Jane Housham is a writer, artist and publisher. She gave up her PhD on Dante’s philosophy of language and escaped to a lovely job at Virgin Books, a company whose name her father was too embarrassed to say out loud. After working for a number of different publishers as well as for herself, she is currently managing a small university press.

She posts daily images on Instagram of combinations of small objects from her collection of stuff, which has been accumulating around her in a more or less uncontrolled fashion since she was a child. A heavily illustrated book is in the pipeline, inspired by her posts: Stuff I Collect will combine kitsch and colour in hopefully delightful ways.

As a writer, she tackles surprisingly dark subject matter, which must be confusing for her Instagram followers. She has published an account of a gruesome child murder in Victorian Gateshead, The Apprentice of Split Crow Lane (Quercus, 2016), and self-published Tom’s Bad Stories (2021), strange tales conjured from the skewed world of a 1940s children’s dictionary.

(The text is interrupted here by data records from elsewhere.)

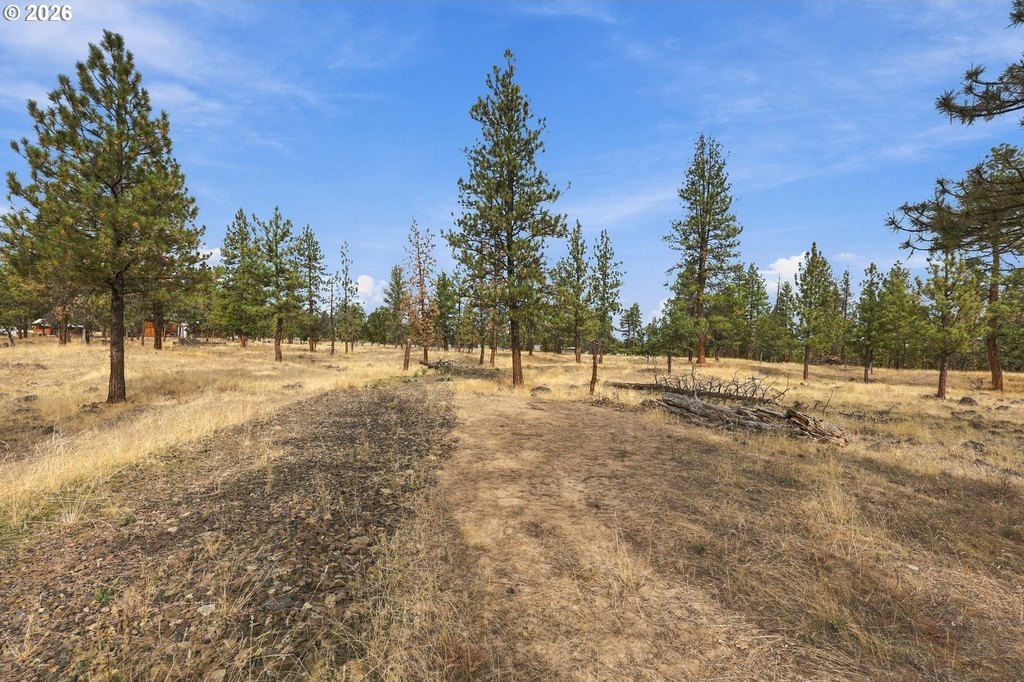 Picture 15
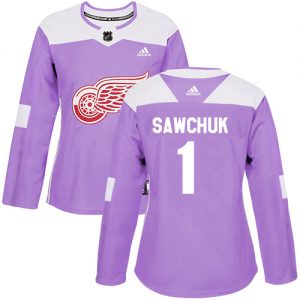 Dámské NHL Detroit Red Wings dresy 1 Terry Sawchuk Authentic Nachový Adidas Fights Cancer Practice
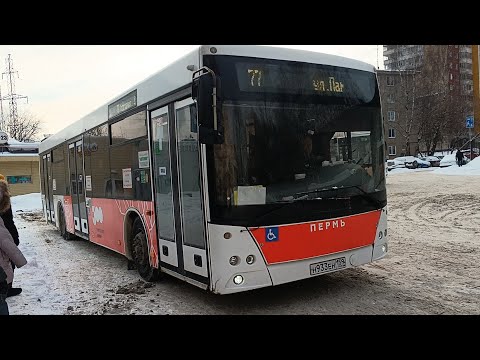Видео: Пермь | Автобусный маршрут 77 | Ул.Мильчакова - Ул.Памирская | Автобус МАЗ 203.016 |Снято 02.01.2024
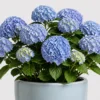 Blue Hydrangea Pot detail view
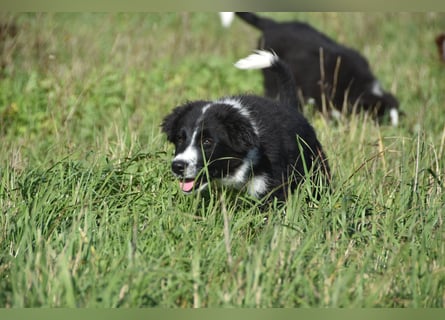 Border collies FCI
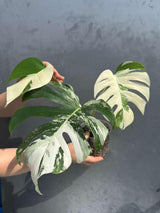 Variegated Monstera Albo 3 Leaf Potted Plant - Rare Indoor White Monstera Albo Borsigiana Live Plant - Non-Exact Plant - US Seller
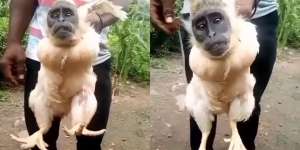Video Badan Ayam Kepala Monyet, Warganet: Jangan Sampai Dilihat Emak-Emak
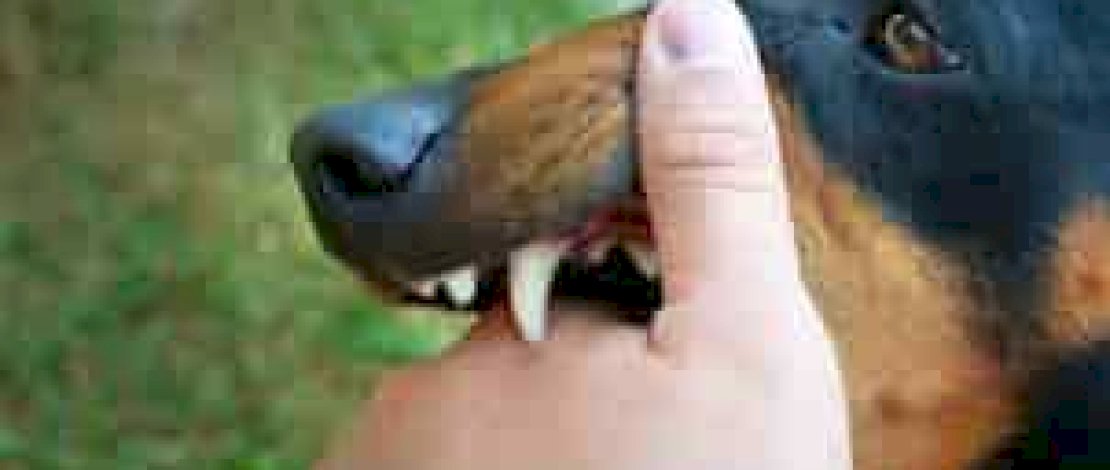 Sempat dinyatakan bebas rabies, Dinkes Sulsel kembali menemukan penyakit anjing gila ini mewabah di Sulsel. Ribuan kasus tercatat sejak Januari hingga Mei. Sempat dinyatakan bebas rabies, Dinkes Sulsel kembali menemukan penyakit anjing gila ini mewabah di Sulsel. Ribuan kasus tercatat sejak Januari hingga Mei.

Her art is mainly an exploration of the past, mining old postcards and photographs for glimpses of real people caught unawares. She has had work in the Royal Academy Summer Exhibition and at the Higgins Bedford (in the exhibition Edward Bawden & Me).

She reviewed books for the Guardian for many years, among other publications, and misses those days of intense page-turning. She lives in Hitchin, Hertfordshire and has two grown-up children.